▶ [STORED DATA]:
----------
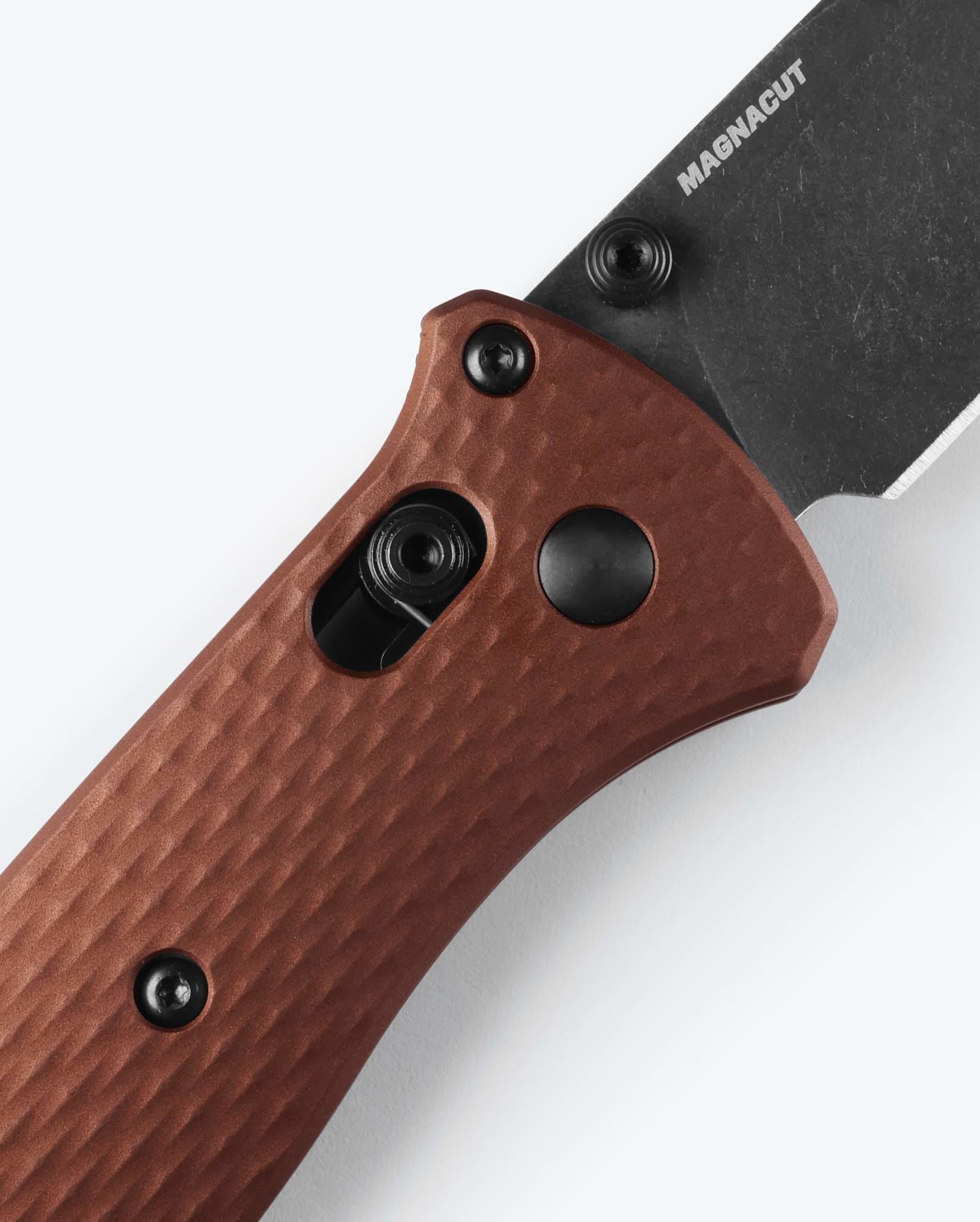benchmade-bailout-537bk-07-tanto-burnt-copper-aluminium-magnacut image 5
----------
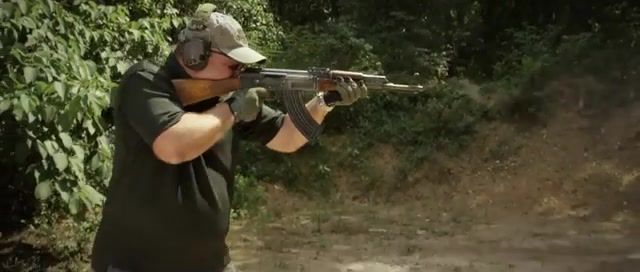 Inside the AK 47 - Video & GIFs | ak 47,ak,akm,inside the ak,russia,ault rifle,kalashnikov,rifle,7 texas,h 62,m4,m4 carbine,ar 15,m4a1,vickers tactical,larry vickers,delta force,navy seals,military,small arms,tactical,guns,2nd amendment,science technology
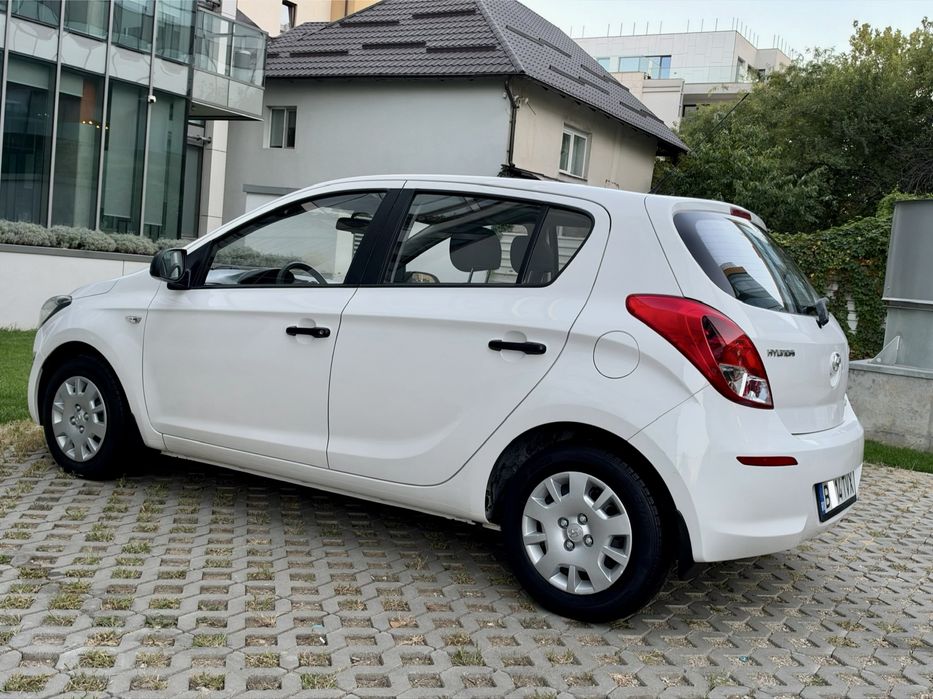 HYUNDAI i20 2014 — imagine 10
----------
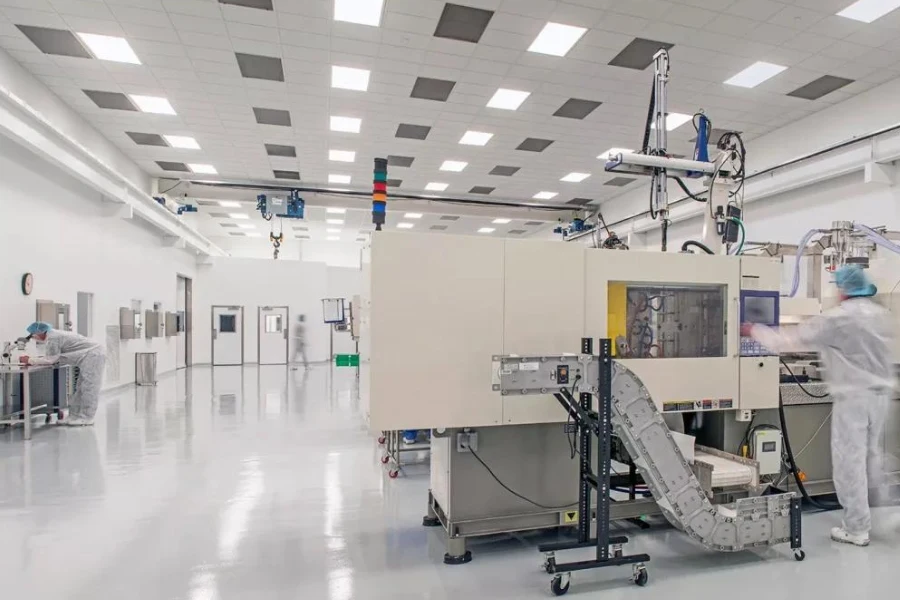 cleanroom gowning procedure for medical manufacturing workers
----------
▶ [WHAT YOU SHOULD DO]:
Using the entries above, repeat exactly the lines from the one with "Inside the AK 47" to the one with "HYUNDAI i20 2014 — imagine 10", both included, and leave the pictures behind.

▶ [YOUR RESPONSE]:
 Inside the AK 47 - Video & GIFs | ak 47,ak,akm,inside the ak,russia,ault rifle,kalashnikov,rifle,7 texas,h 62,m4,m4 carbine,ar 15,m4a1,vickers tactical,larry vickers,delta force,navy seals,military,small arms,tactical,guns,2nd amendment,science technology
 HYUNDAI i20 2014 — imagine 10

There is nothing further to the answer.